Although I am a cis-woman I speak with experience of meeting and talking to transgender people, as I supported my spouse through transition and have accompanied her to many social events run by the transgender community. ‘Outskirts’ in Birmingham, the English city where we used to live, was a huge source of support.
Stop for a moment, and inhabit your own body, like on those mindfulness courses. Now imagine that, like Gregor Samsa changing into an insect in Kafka’s Metamorphosis, you have changed in the blink of an eye and been given a new body: that of the opposite sex. A whole new set of societal expectations rise up in front of you like a wall. People – maybe even people close to you, like your family and friends – reject you for not being what you said you were, what you were supposed to be.
People with gender dysphoria express a sense that they have been born into the wrong body. They desperately try to conform to the gender norms set by society while feeling that these are the wrong ones. Eventually they affirm their innate sense of gender and in doing so are able to be content in their own skin. Transition does not happen overnight, nor is it an all-or-nothing process; it is achieved haltingly, fearfully, perhaps incompletely, and with much soul searching along the way. Some don’t make it through transition because it’s just too difficult. Tragically, some choose to end their own lives.

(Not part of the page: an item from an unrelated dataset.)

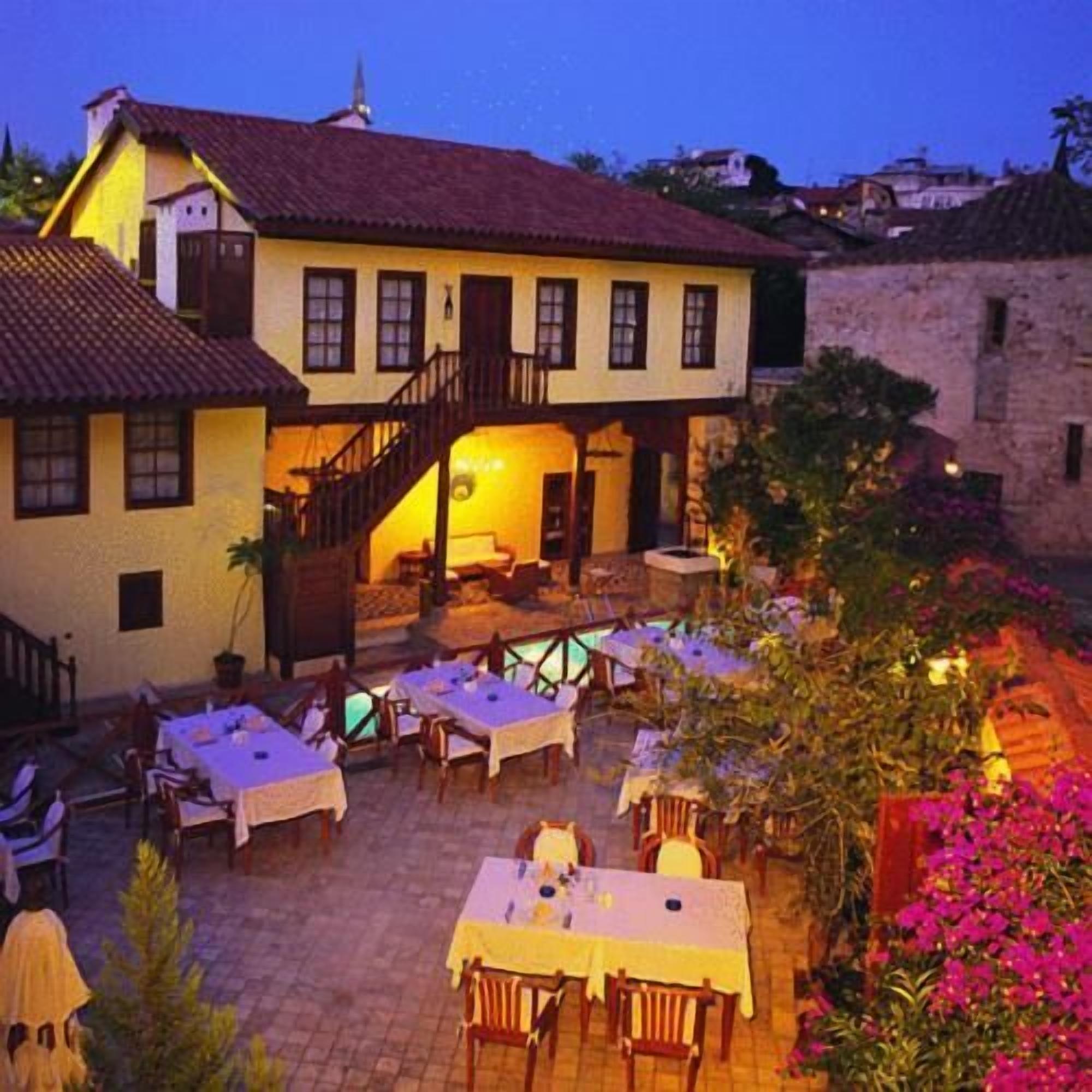 Un edificio con una escalera que lleva a un balcón, zona de comedor al aire libre con mesas y sillas, y un jardín con flores.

Gender dysphoria is unconnected with sexual orientation and trans people are no more likely to be sexual predators than anyone else. Probably less likely, in fact. Personally, I have always felt very safe around trans people and the LGBT+ community as a whole. In fact in Birmingham it was common to see groups of cis-women on Hurst Street in the gay quarter. Some were lesbians and others were straight women looking for a night out somewhere they felt safe.

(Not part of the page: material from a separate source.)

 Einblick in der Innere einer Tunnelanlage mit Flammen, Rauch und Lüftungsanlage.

The whole scenario that JK Rowling envisages, whereby a man dresses up as a woman in order to access women’s toilets or changing facilities and carry out sexual assault, probably belongs in one of her novels. In reality, it is an incredibly drastic step for a man to dress as a woman and go out in public. Running the gauntlet of the neighbours’ spying eyes as they go out means that they often make-up at home but take their outfits with them and get changed in a safe place. Most trans-women, especially on their first outings, are absolutely terrified that a member of the public will notice that they are of male birth gender, or even worse, that they will comment on it. Can you imagine how that would feel – and then how awful, how humiliating it would be, if forced to use the male toilets? Fortunately more and more public facilities are designed to be non-gendered.
So, dear Reader, give trans-women a break. Be grateful if it isn’t happening to you. And if you encounter a trans-woman, please remember to speak of ‘her’ and ‘she’, and be kind.
P.S.
Having ‘e-discussed’ this blog post with friends I just wanted to add that, yes, people can be unsympathetic, but my spouse and I have also experienced warmth and support from many sources: her workplace before we left the UK; her mom; our friends; a sympathetic article in the Irish Times and the supportive reaction from my colleagues here in Ireland after it was published; our neighbours here in Ireland; even the recruitment firm I dealt with when job hunting in Ireland. And when out and about in Ireland, the general public don’t make discourteous comments. If we’re in a bar or a cafe the staff will usually address us as ‘Ladies’ or even ‘Love’. That might be more to do with the high level of good manners here than with any strongly held progressive views!